Two people paralyzed by strokes were able to control robotic arms by using only their thoughts, a medical advance that may one-day lead to the developement of more -sophisticated prosthetic limbs.
One patient, a 58-year-old woman, used a robot arm to sip a drink on her own for the first time since her stroke 15 years before, according to a study published today in the journal Nature. The woman and a 66-year-old man grasped foam targets using the limbs in the clinical trial.
The researchers are seeking to mimic the spinal cord’s ability to send signals to paralyzed limbs, said John Donoghue, director of the Institute for Brain Science at Brown University in Providence, Rhode Island.

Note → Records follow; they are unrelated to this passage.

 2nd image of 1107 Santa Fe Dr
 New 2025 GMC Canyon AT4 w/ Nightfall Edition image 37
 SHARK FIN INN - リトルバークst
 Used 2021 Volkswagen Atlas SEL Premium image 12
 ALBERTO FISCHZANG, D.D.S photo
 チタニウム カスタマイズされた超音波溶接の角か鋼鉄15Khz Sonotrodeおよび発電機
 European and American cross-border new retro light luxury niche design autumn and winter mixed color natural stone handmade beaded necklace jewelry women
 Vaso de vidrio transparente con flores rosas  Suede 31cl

Monkeys have been able to manipulate the artificial arms in studies, and this trial brings the ideal of human use one step closer, he said.

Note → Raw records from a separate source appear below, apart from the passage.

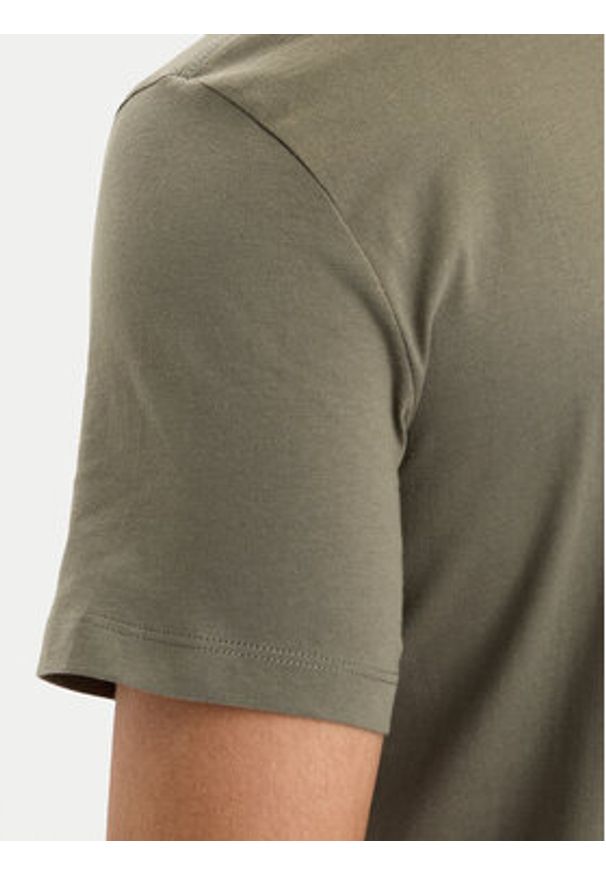 Calvin Klein Jeans T-Shirt SS 30s EU LV04RG800G Zielony ciemny Regular Fit. Kolor: zielony. Materiał: bawełna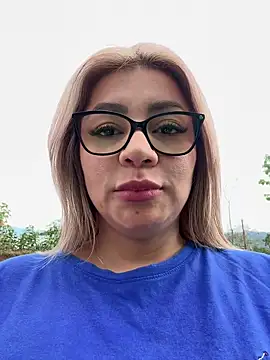 Snapshot of DIANITA_1988 chatting on January 31, 2025, 2:39 pm DIANITA 1988 online show from January 31, 2025, 2:39 pm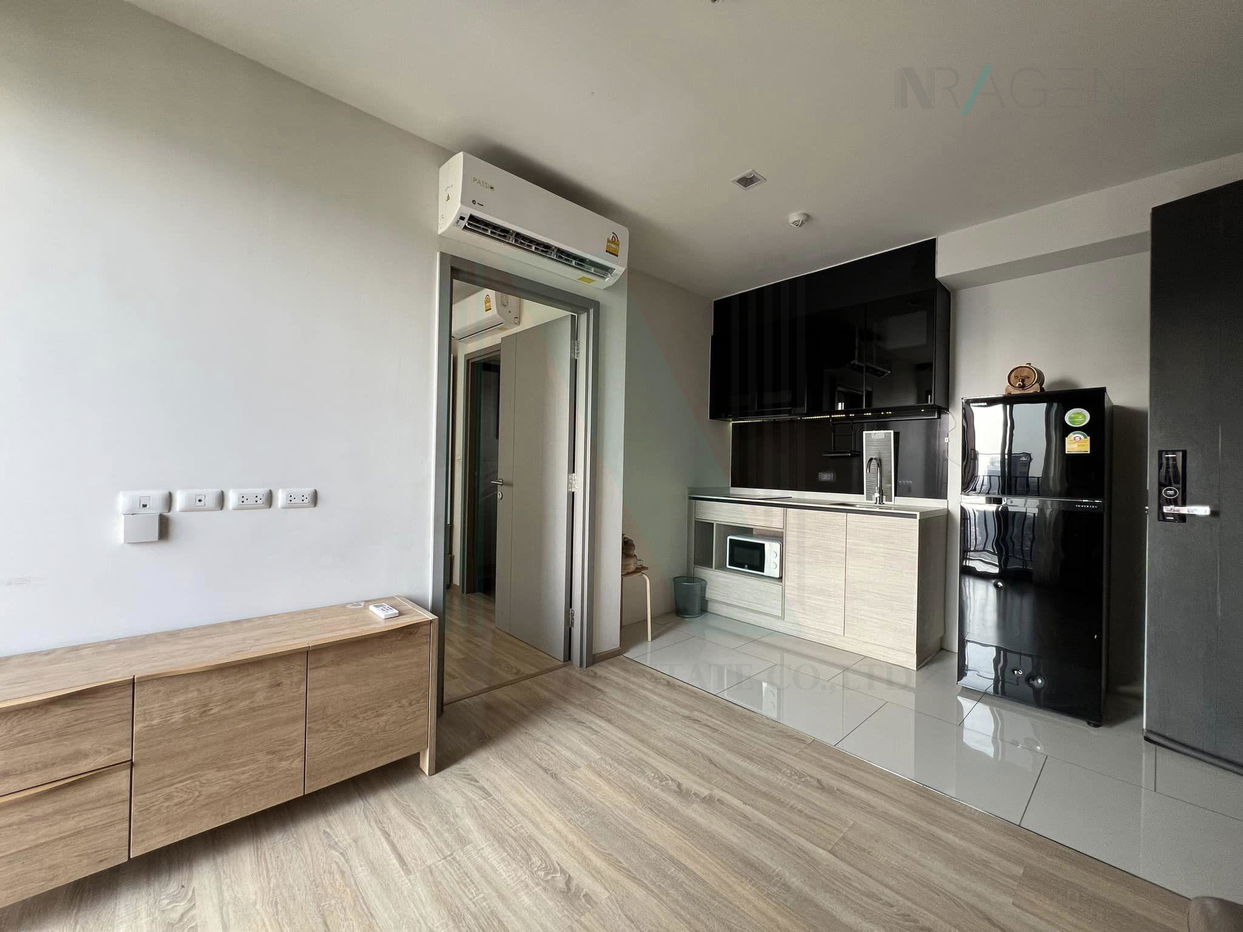 picture 📌 For rent condo THE BASE GARDEN RAMA 9 Building 1, Floor 28,1 bed room, Room size 35.00 sqm - 6/8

“For a patient who’s paralyzed, especially one who’s totally paralyzed, being able to reach out and grasp a coffee in the morning is really amazing,” Donoghue, an author of the study, said in a telephone interview.
The man and the woman had been paralyzed since having brain stem strokes in 2006 and 1996, respectively. That they were unable to move for so long before trying the robot devices showed that the part of the brain that controls movement, called the motor cortex, hadn’t been rewired for other uses, a concern from the animal studies, Donoghue said.

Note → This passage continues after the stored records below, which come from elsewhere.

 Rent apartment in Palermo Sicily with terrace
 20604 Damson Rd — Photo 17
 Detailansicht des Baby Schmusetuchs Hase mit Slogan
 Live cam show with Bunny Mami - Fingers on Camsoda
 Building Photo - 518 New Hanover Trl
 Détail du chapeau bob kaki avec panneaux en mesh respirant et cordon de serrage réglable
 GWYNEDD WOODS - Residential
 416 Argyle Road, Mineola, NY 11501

The work is notable because while some of the animal research was in normal-bodied monkeys, these patients were severely disabled and had been for years, said Nicholas Hatsopoulos, chairman of the committee on computational neuroscience at the University of Chicago. He also works on brain-controlled prosthetics, though he wasn’t involved in today’s research.
A baby aspirin-sized sensor that monitors neural signals was implanted in part of each participant’s motor cortex. Computers turned the person’s nerve signals into commands for the devices.
Both patients controlled an artificial limb called the Deka Arm System, made by Deka Research and Development Corp. The woman also used a DLR Light-Weight Robot III, made by Deutsches Zentrum für Luft-und Raumfahrt in Germany.
In one task, the patients used the Deka Arm to grasp foam targets in less than 30 seconds. One was successful 62 percent of the time; the other succeeded in 46 percent of the tries. The woman also attempted the foam task with the DLR Light-Weight Robot, which is heavier than the other arm, and was successful at the foam task 21 percent of the time.
She also used the heavier arm to drink, successfully grasping a bottled drink and moving it to her mouth to sip through a straw four of six times.
The woman’s brain device, dubbed BrainGate and made by BrainGate Co., was implanted five years ago, and that it still works assuages concerns the body might blunt its signal by forming scar tissue around the product or attacking it, Donoghue said. Wires for the device exit a port in her head, and hook into an electronics cabinet about the size of a dormitory refrigerator.
The length of time the female patient’s electrode had spent in her brain was encouraging, said Lee Miller, a professor of physiology at Northwestern University’s Feinberg School of Medicine in Chicago, who also works on brain-controlled prosthetics and wasn’t involved in this study.
“You don’t want brain surgery every three years,” Miller said in a telephone interview. Also, the brains of some animals have changed after rejecting the electrodes in previous experiments, hurting the chance that another implanted device would work, he said.
Donoghue’s group is testing a wireless version of the device, with a transmitter about the size of a matchbox to go under the skull’s skin. That work is in animal tests, he said.
The study was funded by the National Institutes of Health, the Department of Veterans’ Affairs, and the Defense Advanced Research Projects Agency, among others.